Dear colleagues, the time scale for the steps leading to decisions for the L0 baseline implementations are the following: - end 1998: define list of requirements to allow comparison (this mail). - 1/4/98: all implementation studies have provided a written document(s) addressing the requirements. - 1/7/98: if possible the trigger group recommends baseline implementations to the LHCb management, if no agreement within the trigger group: we ask for a review board to decide for us. - mid 2001: TDR ready (real deadline given to referees 31/12/2001).

List of items recommended to be fulfilled by the various implementation studies:

1) An overall scheme of the data flow and its hardware implementation from the Front-End via the actual processors to the L0 decision unit, and the L1 buffer of the output of the trigger. For the calorimeters liaise with the FE designers to agree upon the assumptions.
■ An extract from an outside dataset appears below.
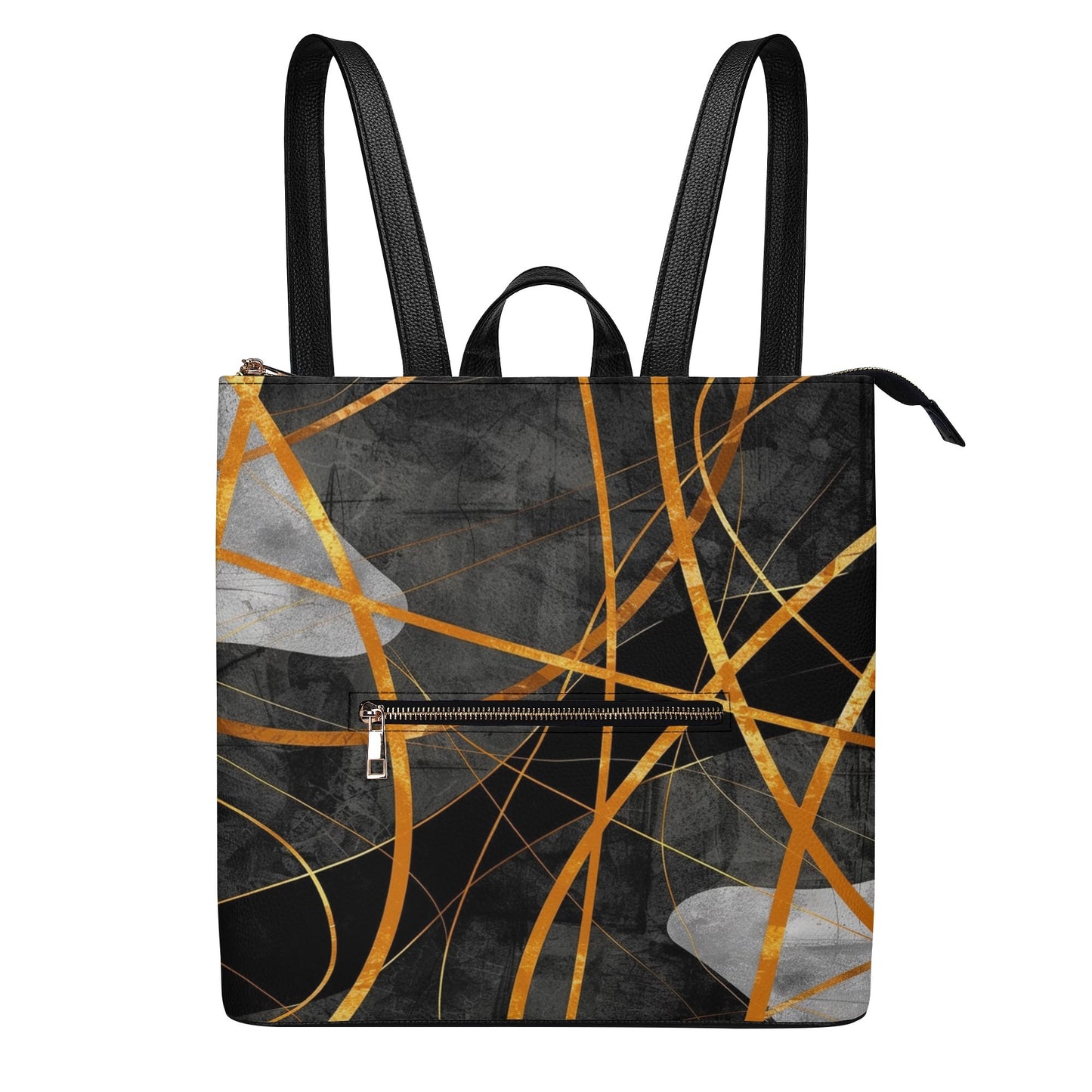 Marmoreal / Bucket Backpack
Hopefully this will also be possible for the muons soon (maybe January next year a FE responsible will start his work for the muons).
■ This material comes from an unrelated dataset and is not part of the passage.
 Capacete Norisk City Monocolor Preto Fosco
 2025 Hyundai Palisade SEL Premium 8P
2) A cost estimate based on the above mentioned scheme. Some basic rules . wherever high speed links are involved, do not assume a certain price, single them out to allow an equal (to be recommended by LHCb) cost estimate of these links. Mention their length (which should be agreed upon with Frank Harris) and band-width. . Always base the price on procurement in 1999. . For components where a large price difference is expected in the future, supply a second price for expectations when bought in 2003. . wherever large scale integration in the FE is assumed, make it clear that the trigger electronics part of these FE boards is included in the trigger price.
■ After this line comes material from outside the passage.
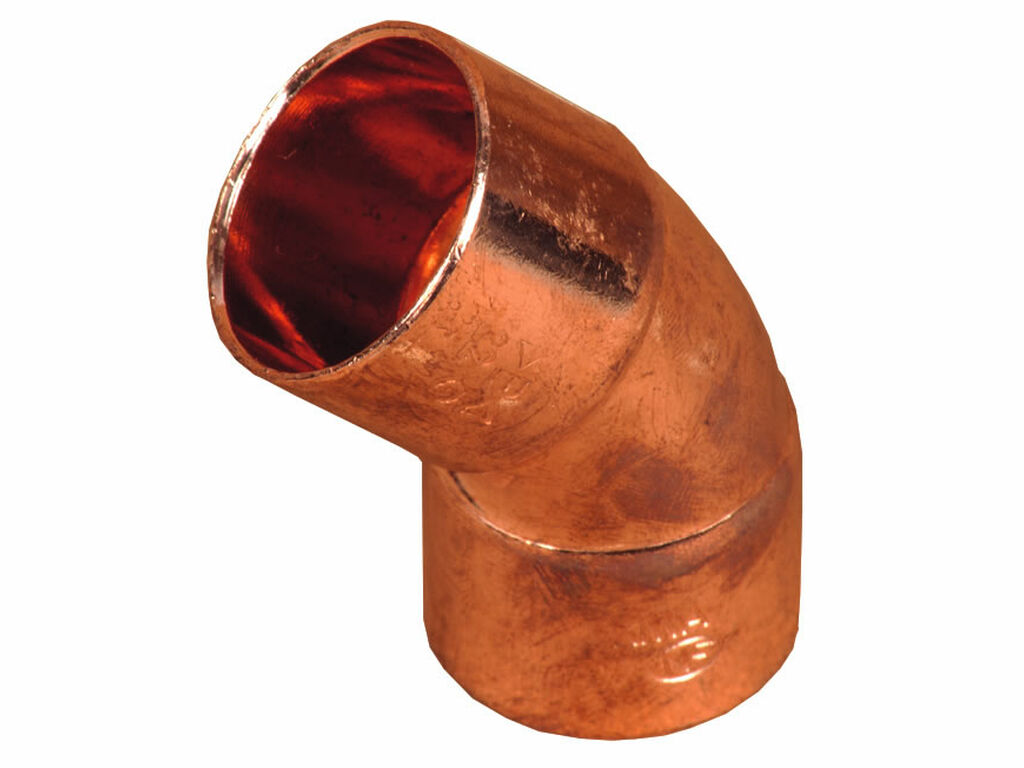 Accesorio de cobre Accesorio de cobre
3) Wherever the processing is asynchronous: show that the trigger will run up to a sustained luminosity of 5x10**32, or show the loss as a function of L. Typically some simulation of the asynchronous, or other "non-trivial" parts is expected. The baseline generator to provide the input will be decided soon (by the physics group), after which a new sample of MC will be generated.

4) The latency should be provided based on the above overall scheme and the simulation, in agreement with Ioana Videau.

5) Explain what is assumed for the FE synchronisation. How do you synchronise the FE data. How does your system deal with parts of your system (or the FE) having missed a clock, or suffers from single-event-upsets. How are these detected, how long to reset them, etc.. How is your system monitored/debugged. Yuri Ermolin has agreed to look into these items, and collect and compare the various scenarios.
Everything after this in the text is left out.